- Polish theatrical release poster
- Polish: Teściowie 2
- Directed by: Kalina Alabrudzińska
- Written by: Marek Modzelewski
- Produced by: Michał Kwieciński
- Starring: Maja Ostaszewska; Izabela Kuna; Adam Woronowicz; Eryk Kulm; Ewa Dałkowska; Andrzej Zieliński;
- Cinematography: Nils Croné
- Edited by: Tymoteusz Wiskirski
- Music by: Marcin Macuk
- Production companies: Akson Studio; Next Film; TVN;
- Distributed by: Next Film
- Release date: 15 September 2023;
- Running time: 95 minutes
- Country: Poland
- Language: Polish

= The In-Laws 2 =

2023 Polish film by Kalina Alabrudzińska

The In-Laws 2 (Teściowie 2) is a 2023 Polish comedy film directed by Kalina Alabrudzińska.
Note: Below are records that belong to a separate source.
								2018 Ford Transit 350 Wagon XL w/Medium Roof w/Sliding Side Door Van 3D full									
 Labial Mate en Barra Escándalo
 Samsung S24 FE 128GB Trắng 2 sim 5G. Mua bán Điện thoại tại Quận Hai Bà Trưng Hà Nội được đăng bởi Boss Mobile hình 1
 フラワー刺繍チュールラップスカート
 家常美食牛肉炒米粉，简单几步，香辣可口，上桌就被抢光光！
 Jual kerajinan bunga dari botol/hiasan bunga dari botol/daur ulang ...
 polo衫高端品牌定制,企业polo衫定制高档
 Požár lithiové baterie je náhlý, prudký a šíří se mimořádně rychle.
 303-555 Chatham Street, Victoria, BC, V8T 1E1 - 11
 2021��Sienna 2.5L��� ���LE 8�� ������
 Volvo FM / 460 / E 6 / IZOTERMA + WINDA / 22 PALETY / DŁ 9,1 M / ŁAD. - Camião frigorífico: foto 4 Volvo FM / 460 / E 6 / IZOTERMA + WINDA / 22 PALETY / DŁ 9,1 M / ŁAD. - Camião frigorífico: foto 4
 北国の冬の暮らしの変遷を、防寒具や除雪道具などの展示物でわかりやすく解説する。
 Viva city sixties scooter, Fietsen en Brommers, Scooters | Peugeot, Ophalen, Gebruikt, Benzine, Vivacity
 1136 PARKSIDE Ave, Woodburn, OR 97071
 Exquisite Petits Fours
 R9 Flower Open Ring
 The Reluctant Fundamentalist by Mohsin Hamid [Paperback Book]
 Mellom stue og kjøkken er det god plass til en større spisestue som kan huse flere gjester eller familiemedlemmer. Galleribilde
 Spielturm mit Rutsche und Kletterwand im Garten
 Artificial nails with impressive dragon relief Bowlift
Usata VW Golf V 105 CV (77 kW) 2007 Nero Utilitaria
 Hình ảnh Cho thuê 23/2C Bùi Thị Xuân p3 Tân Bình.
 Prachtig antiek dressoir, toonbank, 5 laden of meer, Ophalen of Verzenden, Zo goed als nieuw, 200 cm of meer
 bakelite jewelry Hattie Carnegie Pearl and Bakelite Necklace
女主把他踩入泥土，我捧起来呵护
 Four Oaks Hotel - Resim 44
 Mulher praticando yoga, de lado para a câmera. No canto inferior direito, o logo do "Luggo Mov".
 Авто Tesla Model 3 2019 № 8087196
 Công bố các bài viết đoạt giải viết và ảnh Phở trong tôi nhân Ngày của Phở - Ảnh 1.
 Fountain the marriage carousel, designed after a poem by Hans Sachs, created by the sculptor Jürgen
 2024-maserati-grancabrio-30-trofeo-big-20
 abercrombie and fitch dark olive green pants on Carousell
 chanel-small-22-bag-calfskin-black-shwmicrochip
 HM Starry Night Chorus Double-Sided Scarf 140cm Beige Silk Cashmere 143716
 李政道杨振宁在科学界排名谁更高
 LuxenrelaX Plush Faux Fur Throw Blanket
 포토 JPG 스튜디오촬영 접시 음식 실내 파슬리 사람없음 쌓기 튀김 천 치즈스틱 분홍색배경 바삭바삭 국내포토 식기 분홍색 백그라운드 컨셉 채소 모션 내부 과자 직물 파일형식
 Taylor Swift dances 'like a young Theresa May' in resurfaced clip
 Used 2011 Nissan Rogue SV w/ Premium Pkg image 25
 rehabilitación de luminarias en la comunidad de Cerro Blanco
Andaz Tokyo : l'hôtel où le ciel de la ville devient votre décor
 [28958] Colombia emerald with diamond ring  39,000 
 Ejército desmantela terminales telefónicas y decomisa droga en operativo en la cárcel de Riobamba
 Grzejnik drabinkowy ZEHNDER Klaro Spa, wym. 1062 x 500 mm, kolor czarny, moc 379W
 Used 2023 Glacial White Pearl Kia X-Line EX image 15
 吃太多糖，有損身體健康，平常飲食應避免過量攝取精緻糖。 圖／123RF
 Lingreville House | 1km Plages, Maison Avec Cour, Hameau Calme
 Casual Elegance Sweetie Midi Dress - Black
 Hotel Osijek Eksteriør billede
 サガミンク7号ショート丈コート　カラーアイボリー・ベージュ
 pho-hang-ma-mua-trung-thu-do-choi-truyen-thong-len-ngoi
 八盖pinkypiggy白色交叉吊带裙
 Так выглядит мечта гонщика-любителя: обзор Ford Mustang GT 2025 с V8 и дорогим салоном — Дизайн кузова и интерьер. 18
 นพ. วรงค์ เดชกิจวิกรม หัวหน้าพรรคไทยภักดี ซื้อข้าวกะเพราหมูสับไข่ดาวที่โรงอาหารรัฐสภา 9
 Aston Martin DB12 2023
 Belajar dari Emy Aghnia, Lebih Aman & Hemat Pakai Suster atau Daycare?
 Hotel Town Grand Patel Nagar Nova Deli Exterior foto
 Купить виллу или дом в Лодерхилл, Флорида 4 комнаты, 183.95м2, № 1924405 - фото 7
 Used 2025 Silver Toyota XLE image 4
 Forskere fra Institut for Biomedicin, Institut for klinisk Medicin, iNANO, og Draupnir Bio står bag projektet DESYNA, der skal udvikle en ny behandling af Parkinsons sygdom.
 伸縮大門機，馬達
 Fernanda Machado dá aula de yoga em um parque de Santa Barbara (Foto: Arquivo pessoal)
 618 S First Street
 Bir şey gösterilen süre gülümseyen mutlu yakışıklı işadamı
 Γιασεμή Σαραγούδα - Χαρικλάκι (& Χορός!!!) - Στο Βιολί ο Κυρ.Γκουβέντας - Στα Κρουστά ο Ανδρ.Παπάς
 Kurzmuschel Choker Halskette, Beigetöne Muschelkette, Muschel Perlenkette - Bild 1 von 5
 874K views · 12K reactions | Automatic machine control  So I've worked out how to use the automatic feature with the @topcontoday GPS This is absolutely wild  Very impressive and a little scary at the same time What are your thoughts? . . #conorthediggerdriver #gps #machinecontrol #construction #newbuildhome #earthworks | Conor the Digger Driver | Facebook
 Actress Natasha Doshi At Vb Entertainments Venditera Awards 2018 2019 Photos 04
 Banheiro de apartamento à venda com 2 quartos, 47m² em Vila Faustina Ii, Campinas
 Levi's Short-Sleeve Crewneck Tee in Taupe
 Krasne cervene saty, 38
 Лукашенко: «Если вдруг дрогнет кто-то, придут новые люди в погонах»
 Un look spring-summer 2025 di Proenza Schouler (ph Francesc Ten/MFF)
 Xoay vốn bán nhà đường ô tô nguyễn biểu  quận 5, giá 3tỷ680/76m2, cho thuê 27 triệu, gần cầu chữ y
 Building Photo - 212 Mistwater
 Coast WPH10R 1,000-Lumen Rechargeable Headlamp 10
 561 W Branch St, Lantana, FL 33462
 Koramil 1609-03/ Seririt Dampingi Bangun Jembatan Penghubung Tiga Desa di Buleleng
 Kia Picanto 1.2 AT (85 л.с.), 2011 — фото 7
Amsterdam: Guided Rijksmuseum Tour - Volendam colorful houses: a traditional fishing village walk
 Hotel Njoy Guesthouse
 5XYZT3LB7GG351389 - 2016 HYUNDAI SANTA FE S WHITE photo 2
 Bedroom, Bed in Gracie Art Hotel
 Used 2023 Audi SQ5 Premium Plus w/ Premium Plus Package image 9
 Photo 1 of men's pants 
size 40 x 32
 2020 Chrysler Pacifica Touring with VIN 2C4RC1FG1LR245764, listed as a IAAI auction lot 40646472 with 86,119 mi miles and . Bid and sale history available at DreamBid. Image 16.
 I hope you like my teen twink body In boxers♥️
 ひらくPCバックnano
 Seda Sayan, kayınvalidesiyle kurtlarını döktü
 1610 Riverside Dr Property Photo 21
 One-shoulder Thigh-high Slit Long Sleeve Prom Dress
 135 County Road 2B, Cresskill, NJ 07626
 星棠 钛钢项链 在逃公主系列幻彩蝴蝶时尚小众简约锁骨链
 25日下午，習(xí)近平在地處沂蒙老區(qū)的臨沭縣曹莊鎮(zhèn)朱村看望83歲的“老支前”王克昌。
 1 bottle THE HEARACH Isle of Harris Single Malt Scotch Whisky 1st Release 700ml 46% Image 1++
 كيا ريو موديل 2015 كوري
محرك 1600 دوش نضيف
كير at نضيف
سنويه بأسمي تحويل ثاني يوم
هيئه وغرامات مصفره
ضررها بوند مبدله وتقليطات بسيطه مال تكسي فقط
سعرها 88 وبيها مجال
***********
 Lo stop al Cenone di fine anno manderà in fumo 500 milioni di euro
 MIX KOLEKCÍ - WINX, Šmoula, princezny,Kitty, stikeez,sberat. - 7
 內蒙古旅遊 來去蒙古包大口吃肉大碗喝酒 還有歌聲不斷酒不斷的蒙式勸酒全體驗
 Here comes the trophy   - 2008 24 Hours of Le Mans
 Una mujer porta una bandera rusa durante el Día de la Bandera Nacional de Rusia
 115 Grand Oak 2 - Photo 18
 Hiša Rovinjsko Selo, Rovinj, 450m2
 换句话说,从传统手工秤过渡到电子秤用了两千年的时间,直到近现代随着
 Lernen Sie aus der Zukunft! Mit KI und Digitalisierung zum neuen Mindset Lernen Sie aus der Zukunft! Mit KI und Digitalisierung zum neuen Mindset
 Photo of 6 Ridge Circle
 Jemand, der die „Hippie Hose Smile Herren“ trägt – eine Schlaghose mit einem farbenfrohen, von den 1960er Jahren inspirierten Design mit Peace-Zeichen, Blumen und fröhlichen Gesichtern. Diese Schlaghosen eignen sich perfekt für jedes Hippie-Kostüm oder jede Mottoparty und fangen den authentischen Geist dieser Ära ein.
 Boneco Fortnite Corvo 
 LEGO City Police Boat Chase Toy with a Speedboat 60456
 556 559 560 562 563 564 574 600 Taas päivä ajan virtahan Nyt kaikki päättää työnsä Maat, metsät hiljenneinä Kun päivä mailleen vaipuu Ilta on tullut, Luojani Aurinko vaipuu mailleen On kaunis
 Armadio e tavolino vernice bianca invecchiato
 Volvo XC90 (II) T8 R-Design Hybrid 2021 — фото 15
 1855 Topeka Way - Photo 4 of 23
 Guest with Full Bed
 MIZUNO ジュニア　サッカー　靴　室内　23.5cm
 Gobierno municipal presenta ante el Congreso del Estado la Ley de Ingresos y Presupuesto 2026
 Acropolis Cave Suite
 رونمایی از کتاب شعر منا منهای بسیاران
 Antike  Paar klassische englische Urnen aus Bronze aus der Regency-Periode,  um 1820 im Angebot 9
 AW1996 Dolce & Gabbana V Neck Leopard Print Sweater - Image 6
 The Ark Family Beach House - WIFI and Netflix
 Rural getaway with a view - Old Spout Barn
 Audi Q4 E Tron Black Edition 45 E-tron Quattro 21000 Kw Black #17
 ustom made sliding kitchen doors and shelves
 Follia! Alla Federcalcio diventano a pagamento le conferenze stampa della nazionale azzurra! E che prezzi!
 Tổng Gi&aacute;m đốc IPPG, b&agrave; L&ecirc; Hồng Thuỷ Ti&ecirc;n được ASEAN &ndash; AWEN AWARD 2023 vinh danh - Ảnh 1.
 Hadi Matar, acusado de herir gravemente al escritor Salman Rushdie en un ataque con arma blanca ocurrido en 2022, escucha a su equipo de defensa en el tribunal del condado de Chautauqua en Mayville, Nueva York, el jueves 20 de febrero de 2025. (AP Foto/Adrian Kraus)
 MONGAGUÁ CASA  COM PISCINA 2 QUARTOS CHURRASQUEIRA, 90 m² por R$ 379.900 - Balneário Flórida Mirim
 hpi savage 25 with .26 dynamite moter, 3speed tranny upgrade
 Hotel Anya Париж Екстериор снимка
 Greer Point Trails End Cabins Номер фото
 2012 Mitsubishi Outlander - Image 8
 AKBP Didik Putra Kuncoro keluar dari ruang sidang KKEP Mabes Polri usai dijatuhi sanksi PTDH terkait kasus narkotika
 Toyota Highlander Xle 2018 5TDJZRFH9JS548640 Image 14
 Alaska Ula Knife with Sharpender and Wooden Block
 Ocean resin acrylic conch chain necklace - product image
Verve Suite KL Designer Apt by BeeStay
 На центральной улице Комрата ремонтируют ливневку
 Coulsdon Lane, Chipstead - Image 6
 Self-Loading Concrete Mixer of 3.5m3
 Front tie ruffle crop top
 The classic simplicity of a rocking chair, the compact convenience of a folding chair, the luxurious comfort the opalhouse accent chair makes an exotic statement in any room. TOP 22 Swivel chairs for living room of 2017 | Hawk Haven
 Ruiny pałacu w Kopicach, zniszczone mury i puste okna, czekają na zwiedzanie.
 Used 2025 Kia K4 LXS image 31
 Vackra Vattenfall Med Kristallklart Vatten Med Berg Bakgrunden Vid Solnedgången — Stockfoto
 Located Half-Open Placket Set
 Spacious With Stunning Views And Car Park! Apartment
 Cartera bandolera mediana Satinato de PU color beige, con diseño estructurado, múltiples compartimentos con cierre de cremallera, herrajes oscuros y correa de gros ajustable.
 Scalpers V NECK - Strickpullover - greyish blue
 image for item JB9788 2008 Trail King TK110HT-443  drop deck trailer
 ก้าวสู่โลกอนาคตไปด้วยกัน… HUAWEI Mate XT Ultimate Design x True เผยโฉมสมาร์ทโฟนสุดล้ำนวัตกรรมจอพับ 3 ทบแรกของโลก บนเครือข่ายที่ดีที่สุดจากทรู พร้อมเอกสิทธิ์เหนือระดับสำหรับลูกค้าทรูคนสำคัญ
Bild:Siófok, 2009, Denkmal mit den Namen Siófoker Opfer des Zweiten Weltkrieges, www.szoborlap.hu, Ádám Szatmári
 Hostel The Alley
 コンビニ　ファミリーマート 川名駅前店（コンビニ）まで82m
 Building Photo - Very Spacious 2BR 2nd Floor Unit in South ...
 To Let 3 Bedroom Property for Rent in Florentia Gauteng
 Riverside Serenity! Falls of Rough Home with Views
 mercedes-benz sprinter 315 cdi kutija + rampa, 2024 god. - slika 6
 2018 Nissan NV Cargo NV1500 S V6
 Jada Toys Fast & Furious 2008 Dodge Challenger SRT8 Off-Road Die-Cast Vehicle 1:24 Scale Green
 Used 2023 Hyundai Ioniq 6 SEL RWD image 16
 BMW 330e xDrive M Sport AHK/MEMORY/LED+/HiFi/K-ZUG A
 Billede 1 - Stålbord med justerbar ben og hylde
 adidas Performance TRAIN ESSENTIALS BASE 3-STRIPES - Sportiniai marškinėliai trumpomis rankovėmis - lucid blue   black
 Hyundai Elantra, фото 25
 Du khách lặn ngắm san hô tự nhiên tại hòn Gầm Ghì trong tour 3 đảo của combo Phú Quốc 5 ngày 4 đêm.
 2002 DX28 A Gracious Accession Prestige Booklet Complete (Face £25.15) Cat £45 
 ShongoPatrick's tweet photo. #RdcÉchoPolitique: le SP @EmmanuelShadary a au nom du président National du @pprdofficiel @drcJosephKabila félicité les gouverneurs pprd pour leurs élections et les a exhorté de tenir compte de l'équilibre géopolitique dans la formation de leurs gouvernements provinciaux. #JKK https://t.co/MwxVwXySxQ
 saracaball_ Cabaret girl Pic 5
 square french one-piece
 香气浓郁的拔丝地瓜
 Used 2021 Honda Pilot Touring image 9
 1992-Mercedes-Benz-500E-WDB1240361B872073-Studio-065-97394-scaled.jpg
It is a sequel to the 2021 film The In-Laws.

==Premise==
Łukasz and Weronika give their relationship a second chance and invite their family to a wedding at the Polish seaside.

==Cast==
- Maja Ostaszewska as Małgorzata Wilk, Łukasz's mother
- Izabela Kuna as Wanda Chrapek, Weronika's mother
- Adam Woronowicz as Tadeusz Chrapek, Weronika's father
- Eryk Kulm as Jan Sznajder, Małgorzata's boyfriend
- Ewa Dałkowska as Małgorzata's mother
- Andrzej Zieliński as Wojciech Zamecki
- Rafał Grotowski as Thomas
- Bohdan Graczyk as Hans
- Patryk Michalak as Gunter
- Bogumiła Trzeciakowska as Zuza, the receptionist
- Ignacy Martusewicz as Łukasz Wilk
- Katarzyna Chojnacka as Weronika Chrapek

==Production==
Filming took place in Orłowo, a district of Gdynia.

==Release==
The film had its premiere at the Helios cinema in Warsaw on 13 September 2023. It was released theatrically in Poland two days later, on 15 September.